------ Given information

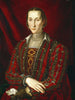Éléonore de Tolède - Agnolo Bronzino — artwork view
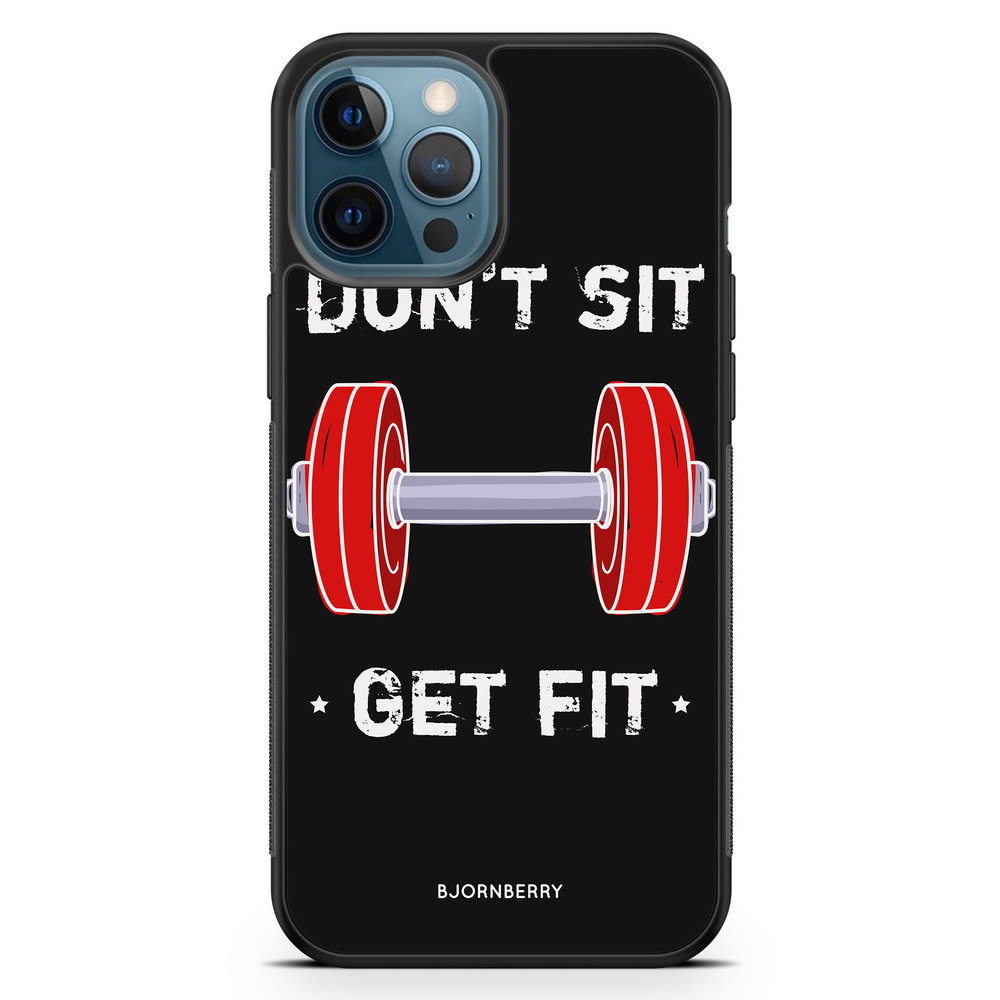 iPhone 12 Pro Case - Get Fit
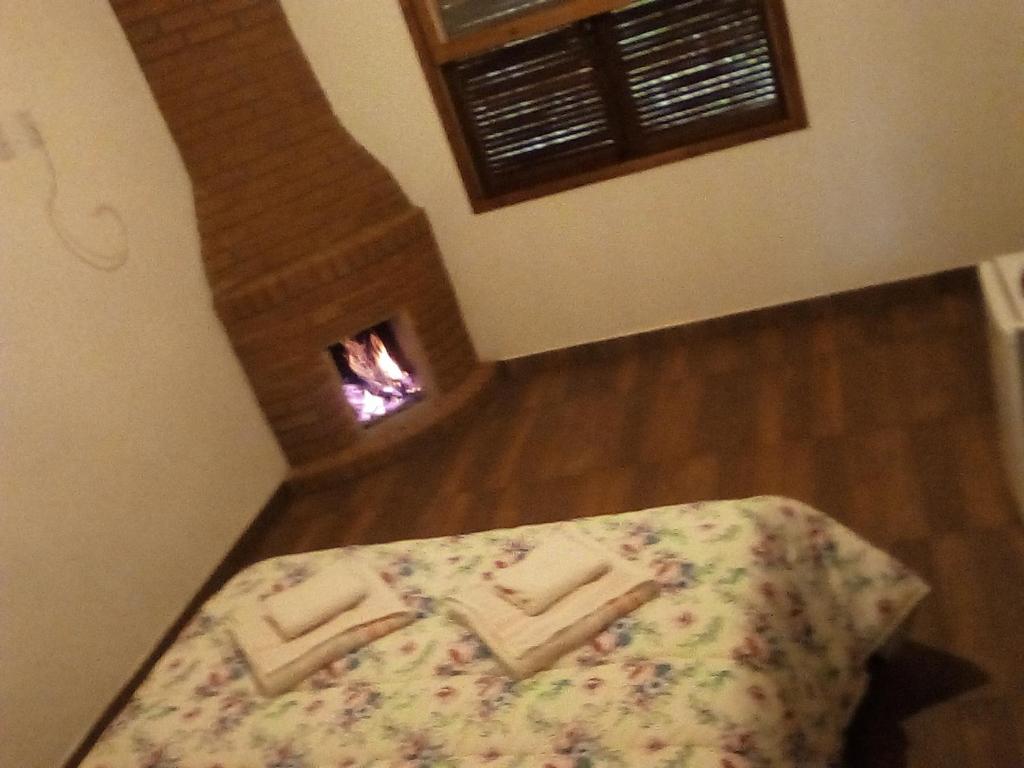  Pousada Água serena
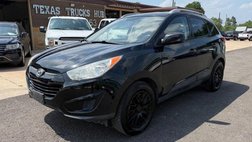 2011 Hyundai Tucson GLS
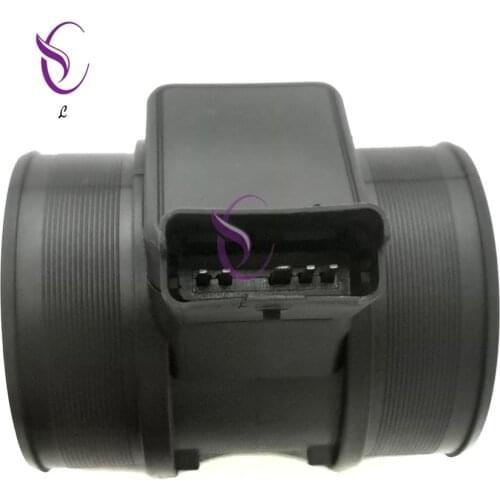 Mass Air Flow Maf Sensor Meter For Fiat Ducato 230 244 2.0 JTD 9639794880 5WK9623 5WK9 623 8ET009142141 9628336380 1920.8Q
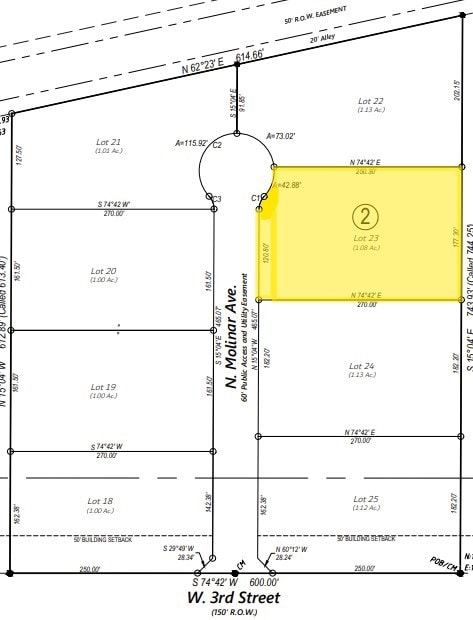 TBD Tbd, Odessa, TX 79707 - photo 2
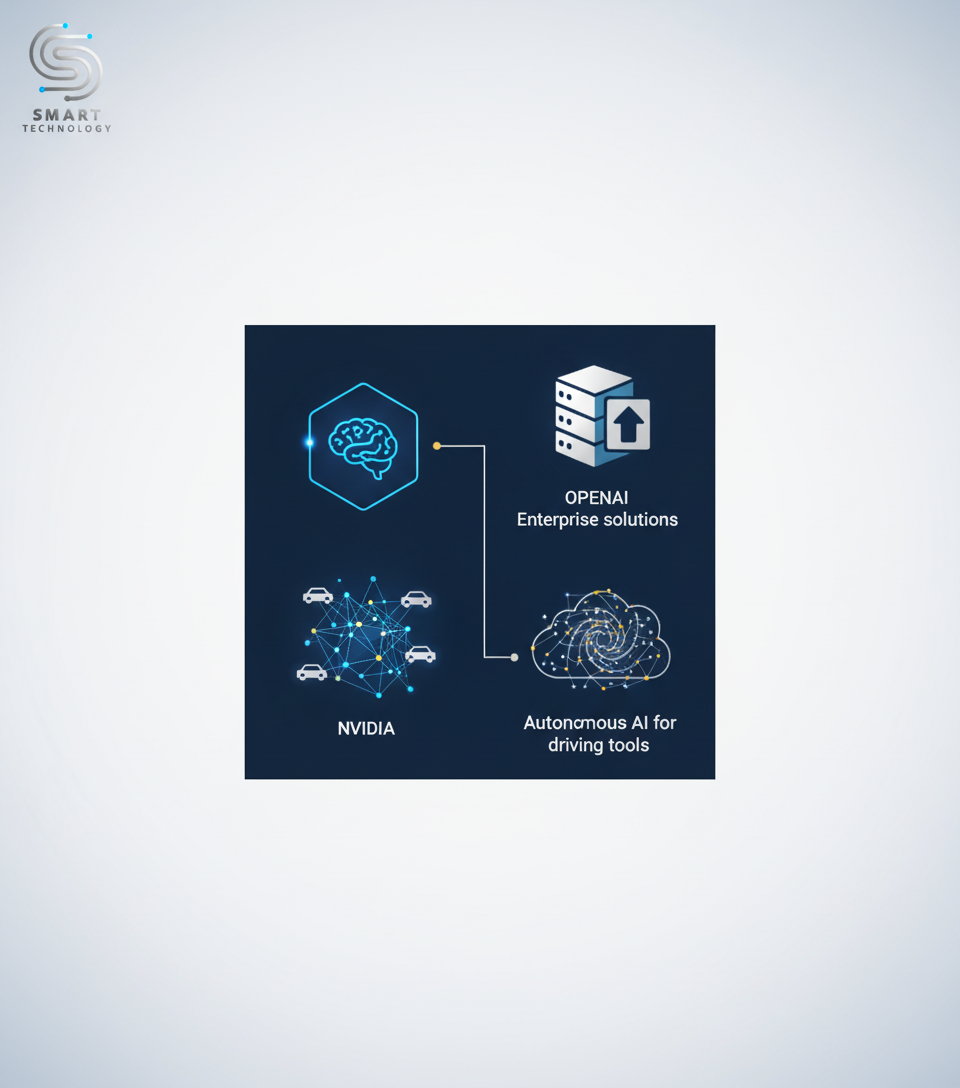 AI Model Advancements and Enterprise Applications: DeepSeek, OpenAI, and Nvidia Lead the Way
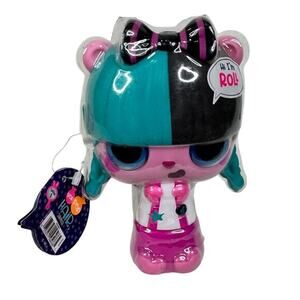 Pop Pop Hair Surprise 3-In-1 POP Pets with Long, Brushable Roll Series 1‎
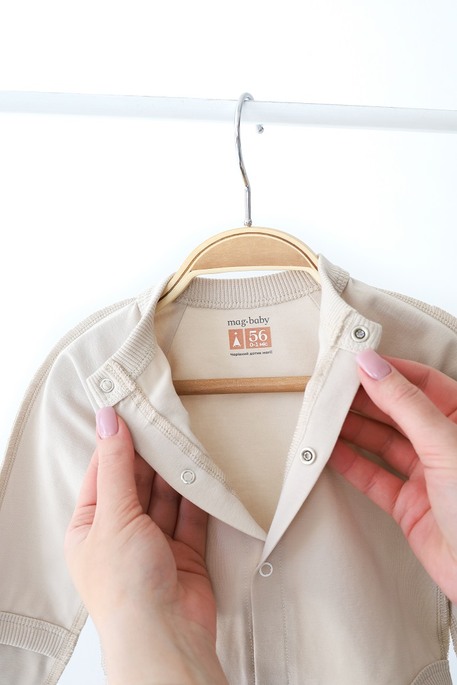 Боди Emeri, Слоновая кость - фото 3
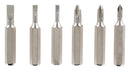 Multicomp PRO MP002103 MP002103 Precision Led Screwdriver Set 6Pc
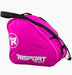 pink skate bag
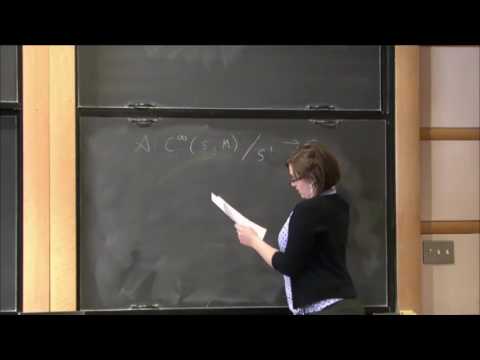 Cylindrical contact homology as a well-defined homology? - Joanna Nelson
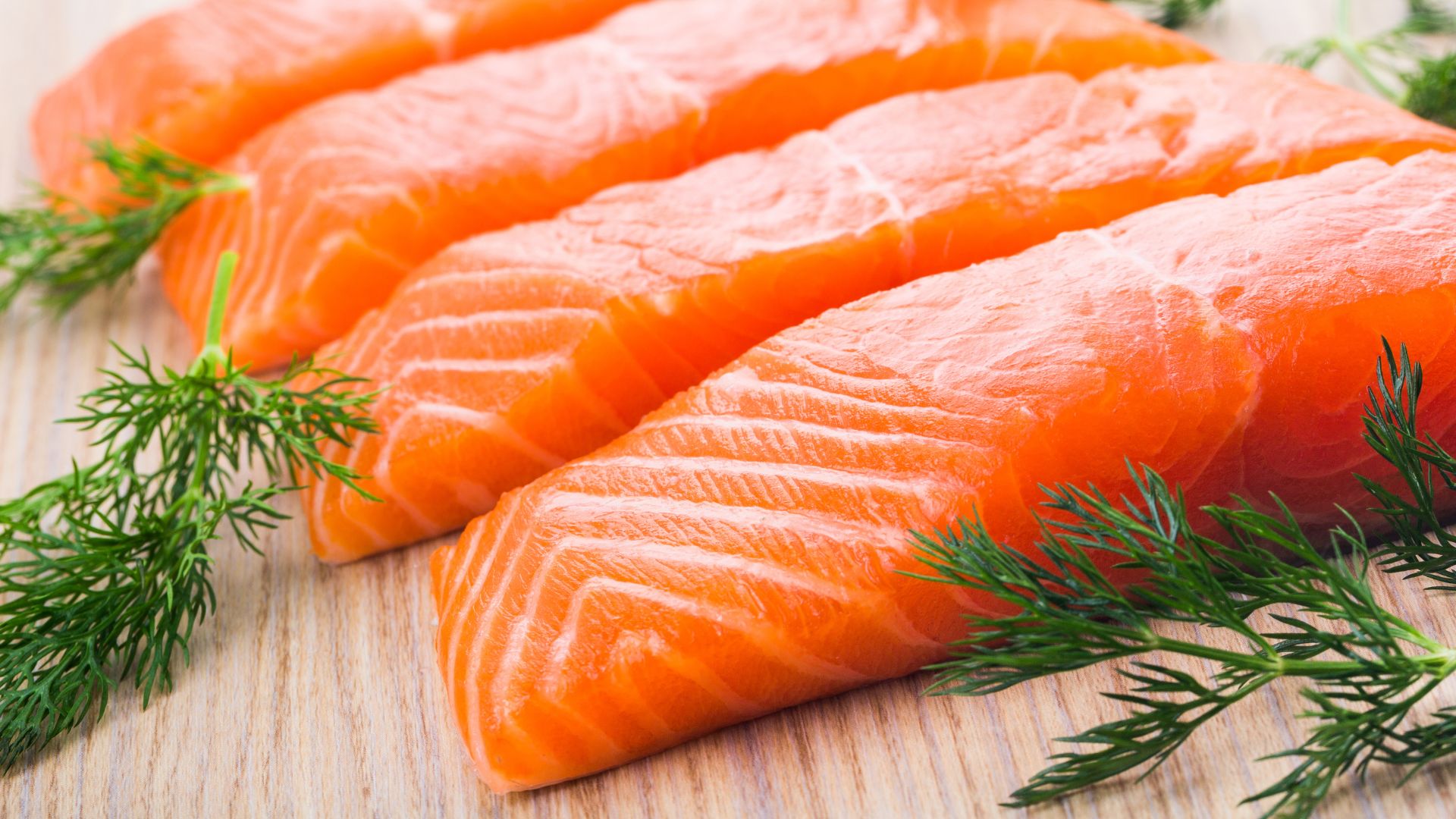 Giá trị dinh dưỡng từ cá hồi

------------

Your objective |
Transcribe exactly the span of lines from the line holding "Cylindrical contact homology" through the last line above, both included. Pictures stay out.

Response to this task |
 Cylindrical contact homology as a well-defined homology? - Joanna Nelson
 Giá trị dinh dưỡng từ cá hồi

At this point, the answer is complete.